At some point as a young adult I apparently received some praise for effort from someone because I ultimately did learn to make it. I can't help wondering, however, what my first eighteen or so years of life -- and later, even -- would have been like if I'd had the kind of reinforcement necessary to produce consistent effort.
. . . .
The thing is, though, is it makes me wonder how I praised my children. Without a role model to show me how to praise for effort, I think it is unlikely that I did. My guess is that I praised results and not smartness, but most of the time probably not effort either. I think one of my now-adult children reads this blog; if you choose to comment, Honey, please don't be too hard on me!

Comments

LoieJ said…
I understand the general gist of this idea of not praising something that can't be controled.
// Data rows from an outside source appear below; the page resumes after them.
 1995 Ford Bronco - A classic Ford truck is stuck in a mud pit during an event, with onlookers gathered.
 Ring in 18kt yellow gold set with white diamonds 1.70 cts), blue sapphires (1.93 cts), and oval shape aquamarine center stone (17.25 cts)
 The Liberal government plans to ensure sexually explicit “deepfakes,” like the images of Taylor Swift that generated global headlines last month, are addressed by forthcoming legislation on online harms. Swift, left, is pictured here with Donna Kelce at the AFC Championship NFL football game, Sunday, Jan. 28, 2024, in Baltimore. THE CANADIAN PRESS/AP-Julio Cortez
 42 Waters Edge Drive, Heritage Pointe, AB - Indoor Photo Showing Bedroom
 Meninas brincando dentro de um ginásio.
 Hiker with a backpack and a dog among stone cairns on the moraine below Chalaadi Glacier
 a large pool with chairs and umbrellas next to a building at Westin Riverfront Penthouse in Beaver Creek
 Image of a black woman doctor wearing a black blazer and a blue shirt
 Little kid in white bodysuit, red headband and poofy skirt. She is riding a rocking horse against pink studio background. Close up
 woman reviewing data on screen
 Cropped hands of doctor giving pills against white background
For example, one of my children is extremely good looking as well as very outgoing, so she is constantly the center of attention. [She is adopted; I take no credit for any of that.] But I remember talking to her once about the fact that I consciously didn't praise her for being good looking because I wanted her to not think that was the key to life, etc.

But there is a flip side to all of this that is even more important. My mom often praised what I did, but it also often rang hollow for me. She did something that the child psychologists call "discounting." This is when someone double checks what you have done, or they give you lots of reminders, or they say it is great but they re-do it to an adult level, etc. My mom wasn't malicious; she just didn't know any better. She discounted me or my efforts or my work. Or the praise seemed too hyped for what it was about, so it seemed hollow.

In any case, my mom encouraged being inquisitive, which is great. But she didn't encourage any exploration or thinking out of the box because of all the double checking. That severely undermined my and my sister's self worth.
Great food for thought here! Thanks.